DATA TO USE Block Start
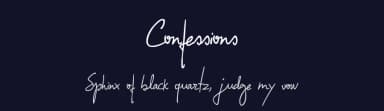 Confessions by xpeehdroox — Script Handwritten Font — thumbnail 2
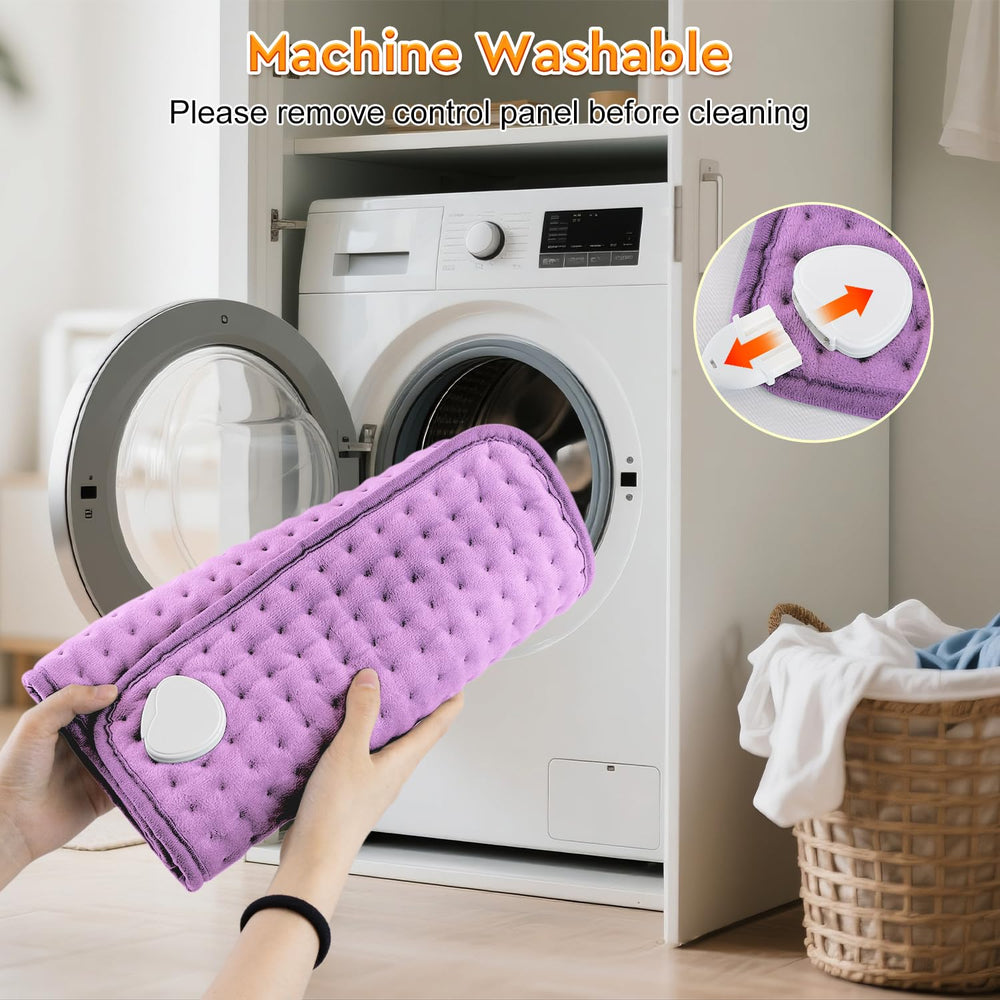 LANVA heating pad safety tips remind mindful use to prevent damage.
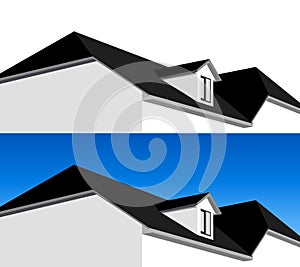 3D house illustration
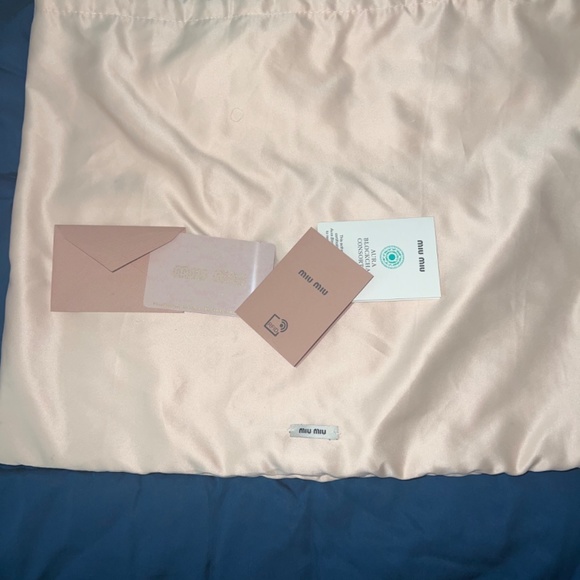 Miu Miu Crystal nappa leather handbag - Picture 8 of 10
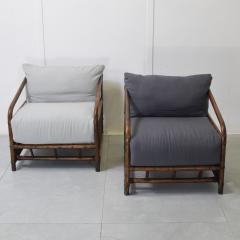  Vivai del Sud Vivai del Sud bamboo rattan armchairs 1960s  - 4395200
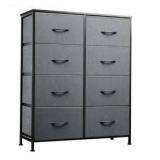 WLIVE 8-Drawer Fabric Dresser Storage Tower $99.99 Retail - Brand New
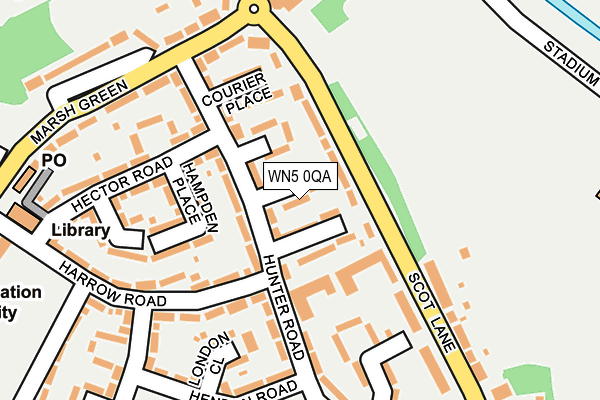 WN5 0QA map - OS OpenMap – Local (Ordnance Survey)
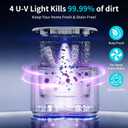 Ultrasonic Retainer Cleaner Machine, 50kHz Dental Cleaning Pod with 4 U-V Lamp for Night Guards, Braces, Aligners, Toothbrushes, Mouth Guards, Jewelry, 340ml Rechargeable Ultrasonic Denture Cleaner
DATA TO USE Block End
(THE PROBLEM): Reproduce word for word the lines from the line holding "3D house illustration" through the last line of the material above, inclusive, and keep pictures out of it.

(THE COMPLETED TASK):
 3D house illustration
 Miu Miu Crystal nappa leather handbag - Picture 8 of 10
  Vivai del Sud Vivai del Sud bamboo rattan armchairs 1960s  - 4395200
 WLIVE 8-Drawer Fabric Dresser Storage Tower $99.99 Retail - Brand New
 WN5 0QA map - OS OpenMap – Local (Ordnance Survey)
 Ultrasonic Retainer Cleaner Machine, 50kHz Dental Cleaning Pod with 4 U-V Lamp for Night Guards, Braces, Aligners, Toothbrushes, Mouth Guards, Jewelry, 340ml Rechargeable Ultrasonic Denture Cleaner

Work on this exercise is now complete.